Masalah kian pelik ketika Lisa dekat dengan Fita (Aulia Sarah), pelaku dalam bokep yang dia tonton dan sekaligus pembuat roti. Fita mengajarkan bahwa pembuat roti memberikan raginya nama. Nah Lisa menamakan raginya nama Michael, ayah kandungnya.
Tapi ragi itu dibuang oleh ibunya karena bau. Ini tanda konflik generasi “Semua mahluk itu bisa dirawat dengan penuh kasih sayang! Bau bagi Mama bukan bau bagi aku, Lisa sedih bukan main!” cetus Lisa.
Sementara Sarah diperkosa Devan (Jerome Kurnia), laki-laki yang dikenalnya di area kebugaran tubuh. Masalahnya, perkosaan itu terjadi di hari ulang tahunnya yang ke 18 dan Sarah ikut di hotel menginap bersama, yang membuatnya tersudut dan di mata hukum suka sama suka. Apalagi Devan merekam sejumlah adegan, kalau dia sampai memutuskan hubungan akan menyebar.
Sebelumnya Sarah kerap mengirimkan foto-foto seksinya pada Devan dengan alasan prospek kelas kebugaran. Ini kelak melemahkan posisi dia ketika terjadi kasus.
Di sini terdapat bahasa gaul di kalangan anak muda saat ini ada istilah no face no case. Kalau diartikan secara harfiah selama foto dan video tidak ada muka, tidak akan jadi masalah. Terkait dengan pornografi selama wajah pelakunya tidak diperlihatkan, maka itu bisa siapa saja.
Sebagai Besti, kali ini Lisa membela dan berani menghadapi Devan di depan teman-temannya. Laki-laki itu lolos dari hukum, tetapi mereka punya cara sendiri membalas pernyataan Devan: “Yang ada yang ancur cewek, bukan cowok!”

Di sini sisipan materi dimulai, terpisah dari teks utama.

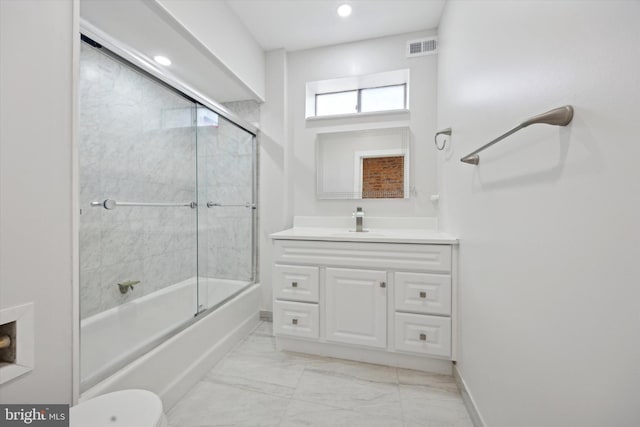 full bathroom with vanity, enclosed tub / shower combo, and toilet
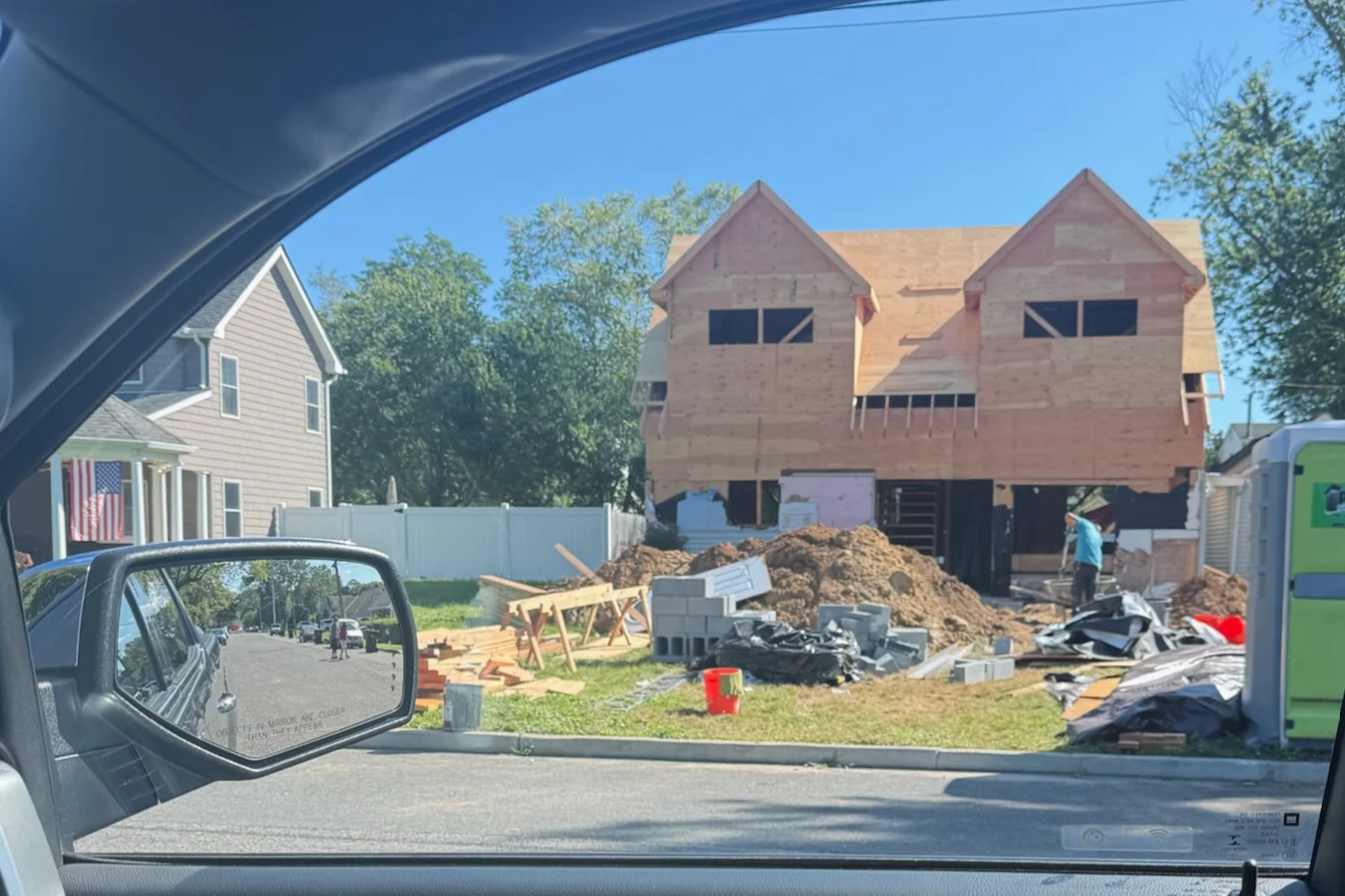 Brick residential home under construction with wood framing, peaked roofs, and foundation work visible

Lewat dua masalah itu sutradara yang kondang lewat Dua Garis Biru ini menunjukkan bahwa kehidupan remaja saat tidak lagi bisa dilihat hitam dan putih. Siapa yang tidak pernah mengakses pornografi?
Seksualitas merupakan eksplorasi tiada akhir di masa remaja hingga mereka menemukan jawabannya. Seksualitas dan nafsu berahi bukan hanya milik laki-laki tetapi juga perempuan dengan istilah gaulnya sange.
Like & Share juga mengungkapkan kedigayaan dunia digital yang membuat konflik antara orang tua dan anak menajam. Bagi ibu Lisa, konten yang dibuat Lisa dan Sarah tidak jelas, tetapi bagi anaknya konten itu adalah hidupnya.
Gina juga menunjukkan begitu mudahnya penghakiman masyarakat dan orang tua saat melihat hal menyimpang. Hingga hal-hal yang disepelekan remaja demi cinta. Lewat film ini sutradara ini menampar orang tua dalam beberapa hal: sahabat jauh lebih baik dan hadir memecahkan masalah remaja daripada keluarga.
Cerita bagus dan Gina begitu detail menggambarkan dunia remaja masa kini. Tentu saja pemeran dua sahabat Aurora Ribero dan Arawinda Kirana bermain ciamik, seolah mereka benar-benar besti. Adegan saling cemburu karena kurang diperhatikan setelah sahabatnya lebih fokus ke hal lain hingga saling membela.
Like & Share setara kualitas pesannya dengan Dua Garis Biru dan harusnya layak untuk ditonton di bioskop.